| Exercise details |
Could you please retype exactly the lines from the start of the records below through the line that contains "Loader excavating sand and gravel", both included, and leave out the pictures?

(Image-caption web data)
BEGIN
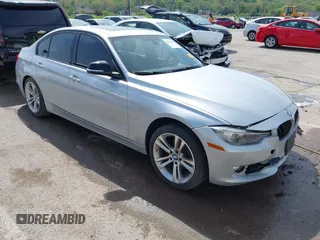 2014 BMW 3 Series 328i xDrive with VIN WBA3B5C51EP543588, listed as a IAAI auction lot 42105211 with 117,717 mi miles and . Bid and sale history available at DreamBid. Image 1.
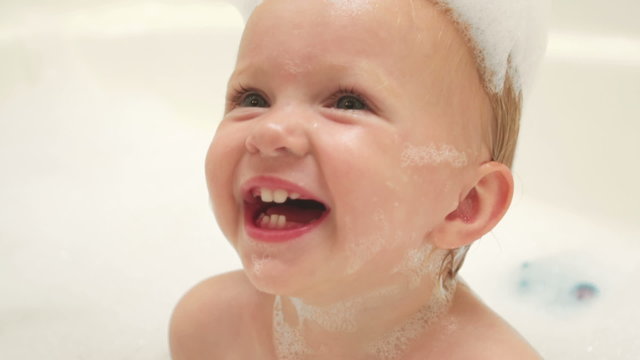 A baby plays with a toy and laughs while taking a bubble bath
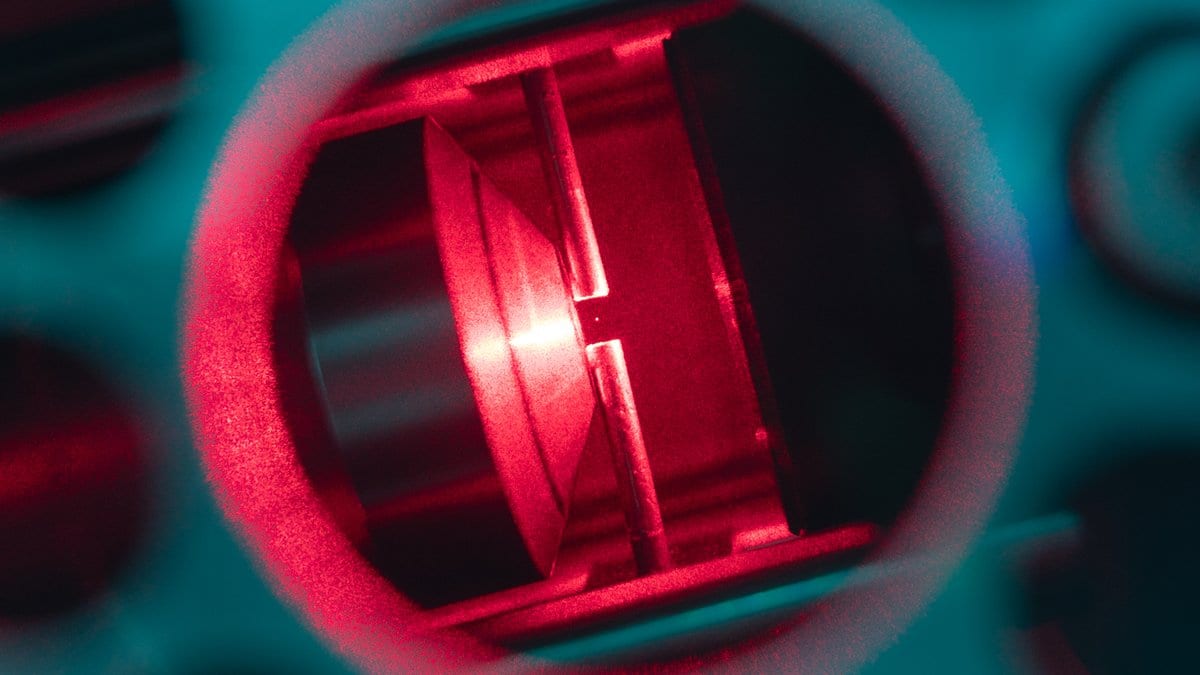 Close view of a laser trap, with red light filling a lens assembly inside a metal mount.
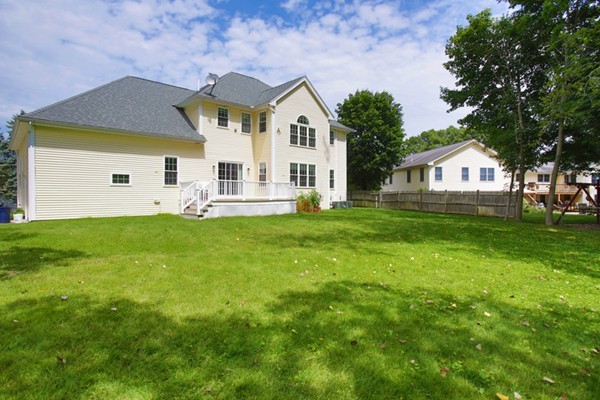 30 Cormier Road Burlington, MA 01803 - Photo 11 of 12 a front view of a house with a yard and trees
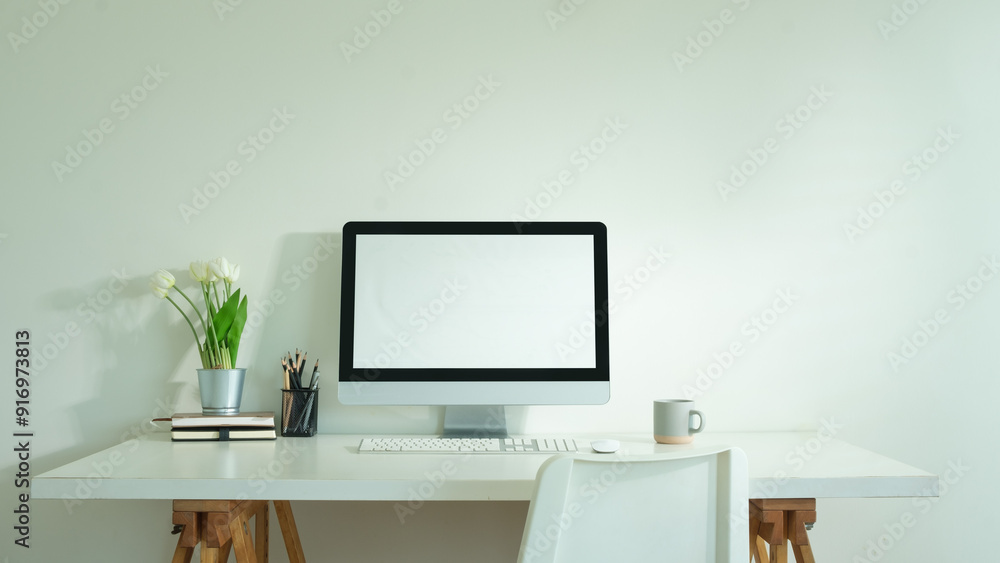 Poster front view of blank computer monitor on white table in home office, for graphic display montage.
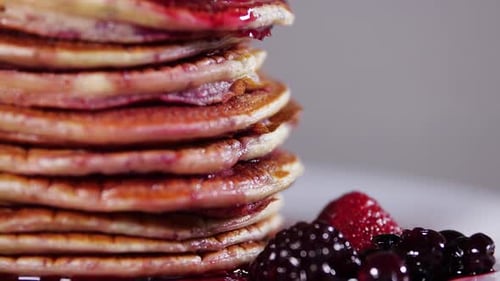 Delicious Pancakes Stacked High with Berry Sauce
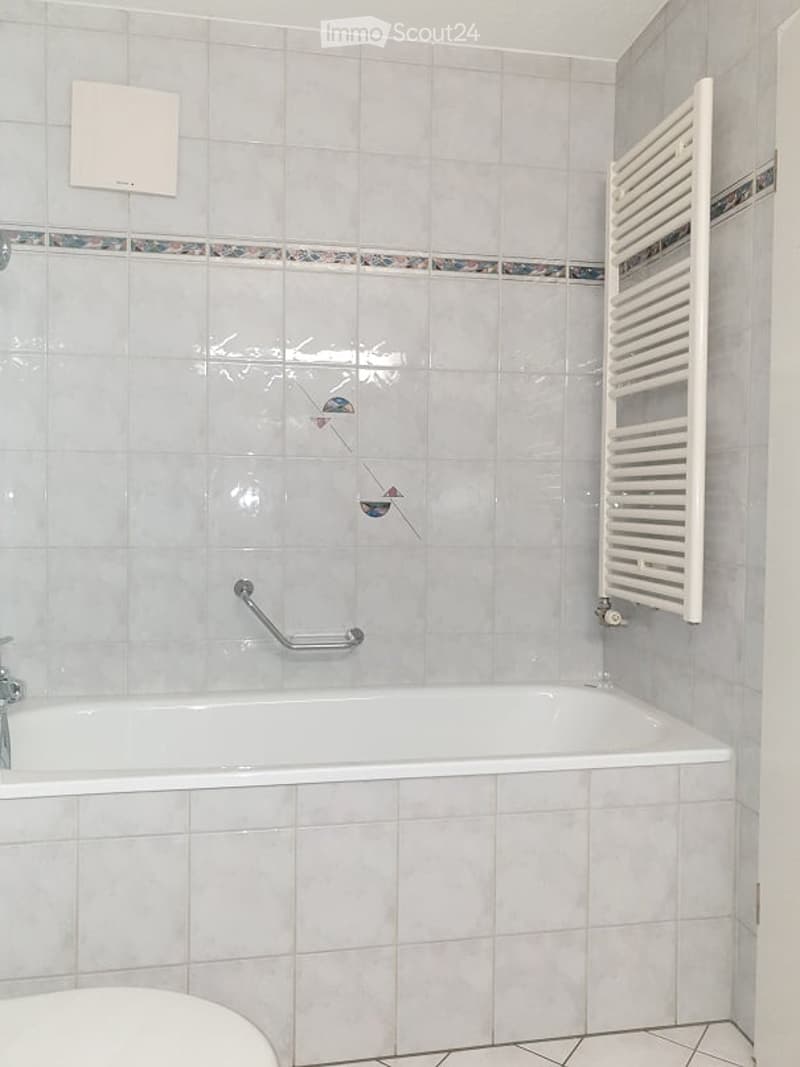 A clean, tiled bathroom with a white bathtub, a towel radiator, and a chrome grab bar for safety.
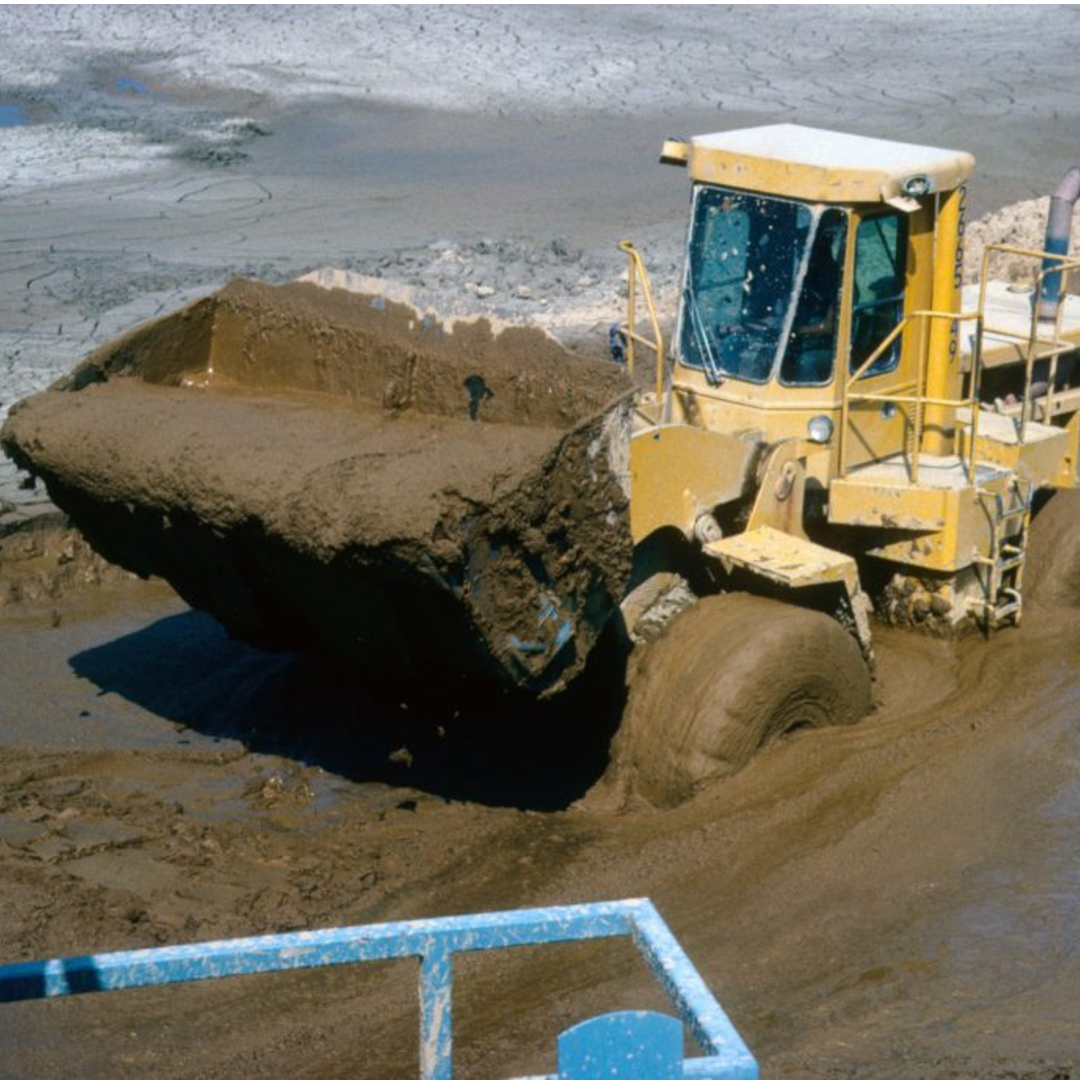 Loader excavating sand and gravel 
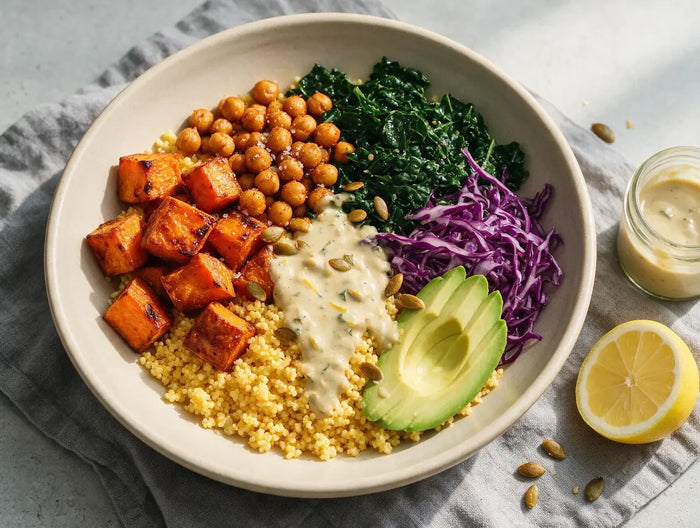 Composed millet bowl with roast sweet potato, chickpeas, kale, avocado and tahini drizzle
END
| Response to the task |
 2014 BMW 3 Series 328i xDrive with VIN WBA3B5C51EP543588, listed as a IAAI auction lot 42105211 with 117,717 mi miles and . Bid and sale history available at DreamBid. Image 1.
 A baby plays with a toy and laughs while taking a bubble bath
 Close view of a laser trap, with red light filling a lens assembly inside a metal mount.
 30 Cormier Road Burlington, MA 01803 - Photo 11 of 12 a front view of a house with a yard and trees
 Poster front view of blank computer monitor on white table in home office, for graphic display montage.
 Delicious Pancakes Stacked High with Berry Sauce
 A clean, tiled bathroom with a white bathtub, a towel radiator, and a chrome grab bar for safety.
 Loader excavating sand and gravel 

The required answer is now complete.